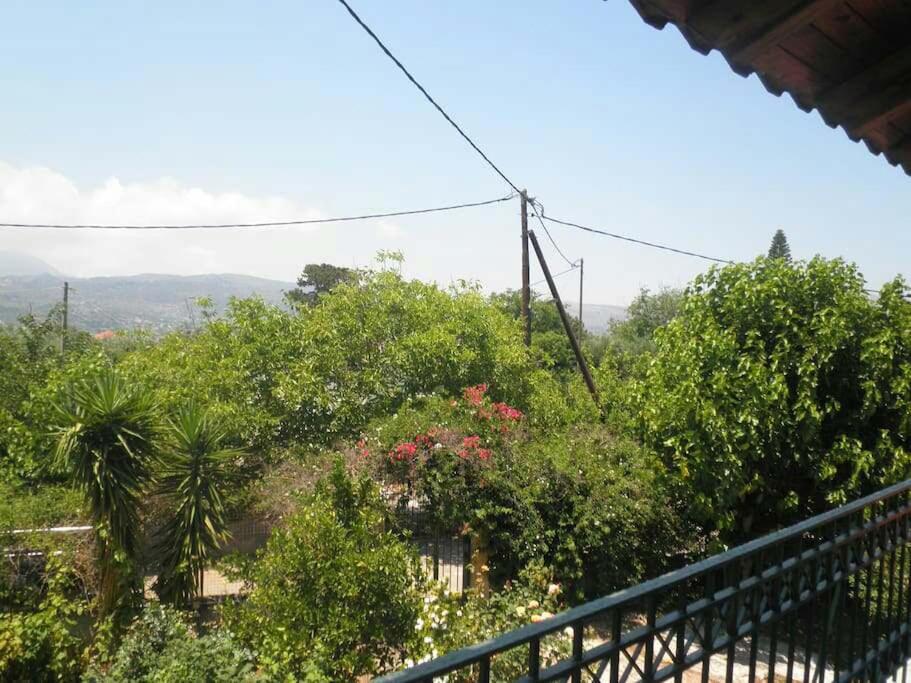 Dimis Country House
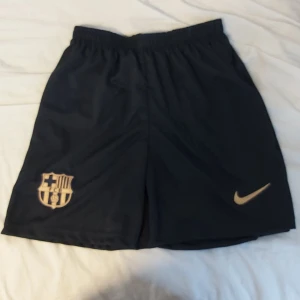 Barcelona shorts guld -  (köp senast 24 juni för fri frakt) Bra skick barcelona shorts blåsvart och guld 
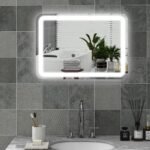 Vonios veidrodis su jutikliniu apšvietimu ir nerasojimo funkcija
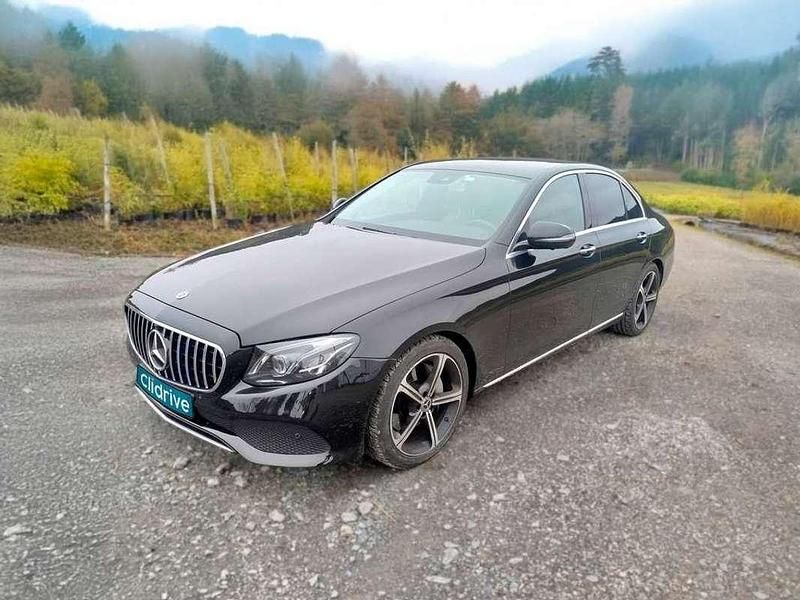 Usado Mercedes E350 258 CV (189 kW) 2018 Negro Berlina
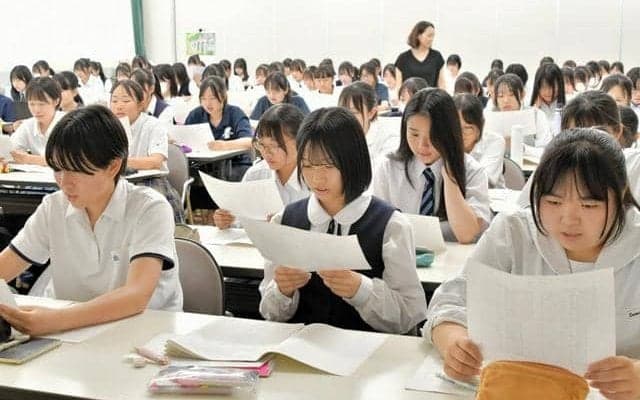 高校野球の球場アナウンス、もう一つの夏　知らない選手に思いを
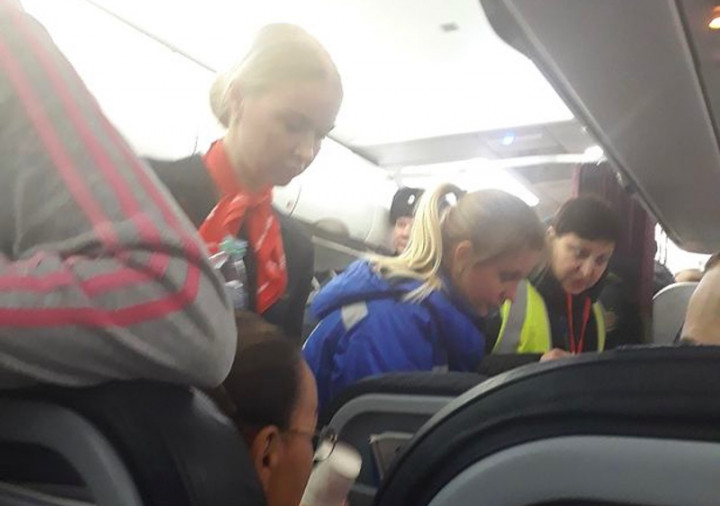 Penumpang Idap Penyakit Misterius Paksa Pesawat Mendarat Darurat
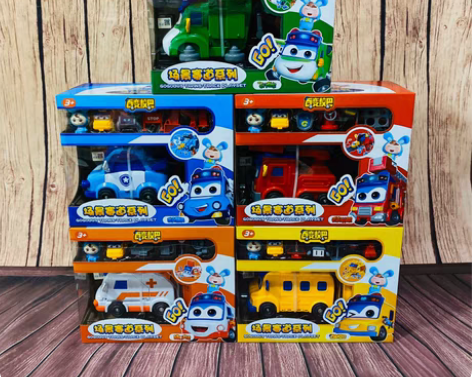 包邮正版百变校巴场景赛道机长车长警长医生歌...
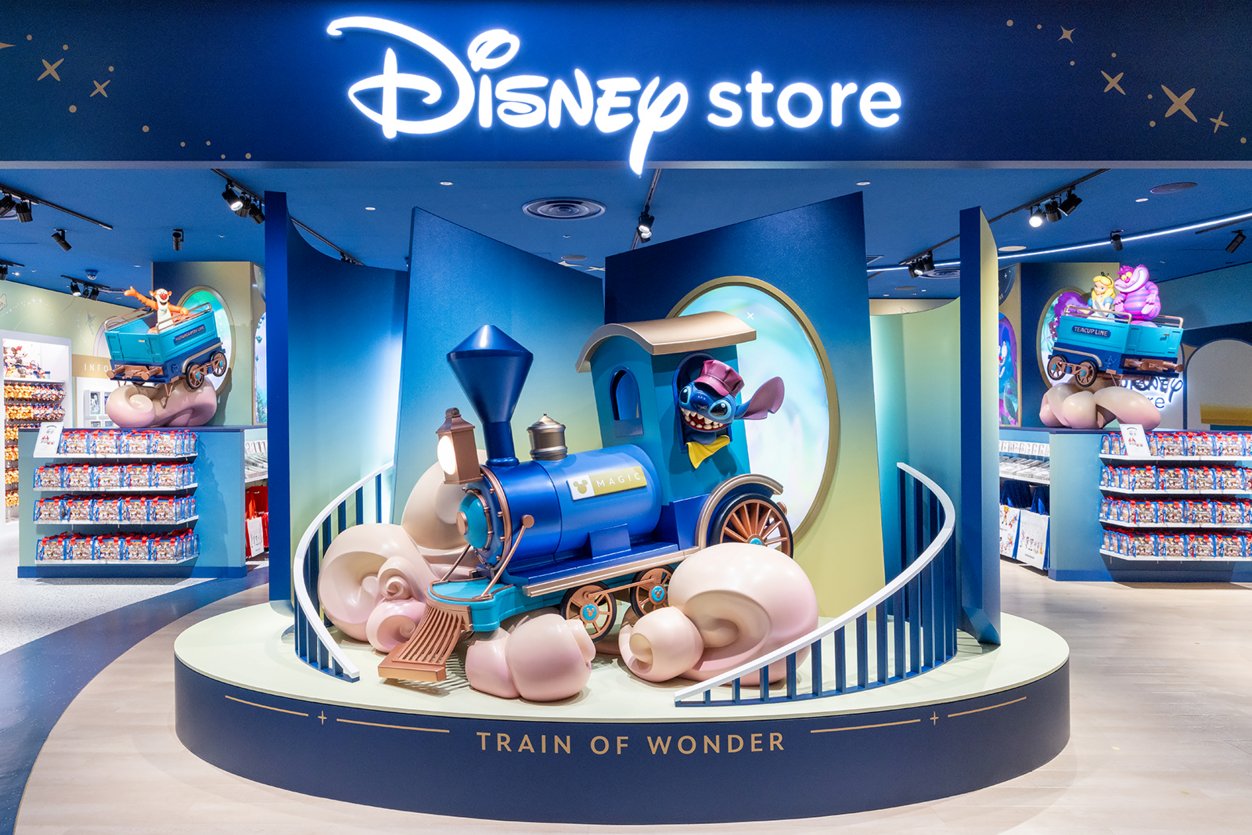 disney store osaka
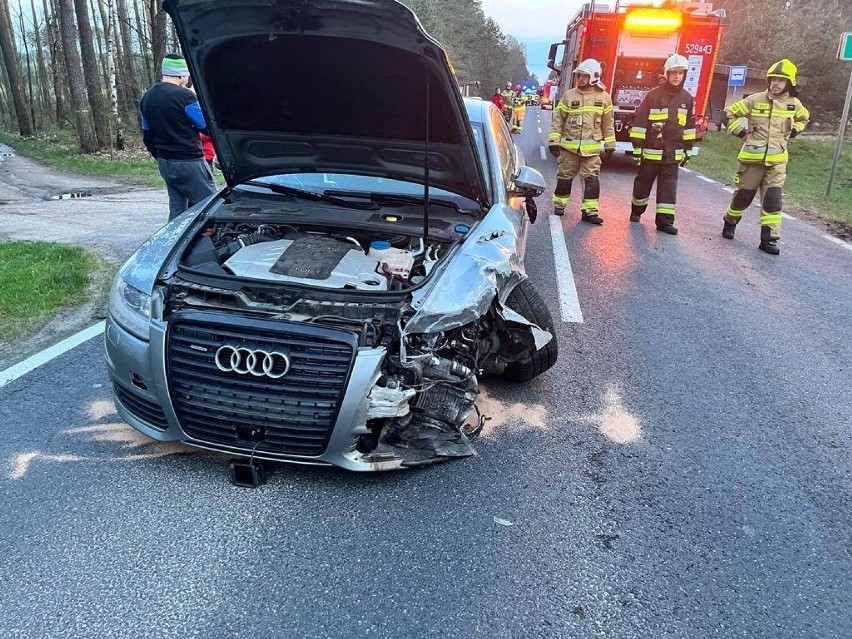 Kierowca Peugeota w wyniku uderzenie wypadł z auta i leżał...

_Your instructions_
Your response must restate every record above exactly, with each picture omitted.

_Result for this exercise_
 Dimis Country House
 Barcelona shorts guld -  (köp senast 24 juni för fri frakt) Bra skick barcelona shorts blåsvart och guld 
 Vonios veidrodis su jutikliniu apšvietimu ir nerasojimo funkcija
 Usado Mercedes E350 258 CV (189 kW) 2018 Negro Berlina
 高校野球の球場アナウンス、もう一つの夏　知らない選手に思いを
 Penumpang Idap Penyakit Misterius Paksa Pesawat Mendarat Darurat
 包邮正版百变校巴场景赛道机长车长警长医生歌...
 disney store osaka
 Kierowca Peugeota w wyniku uderzenie wypadł z auta i leżał...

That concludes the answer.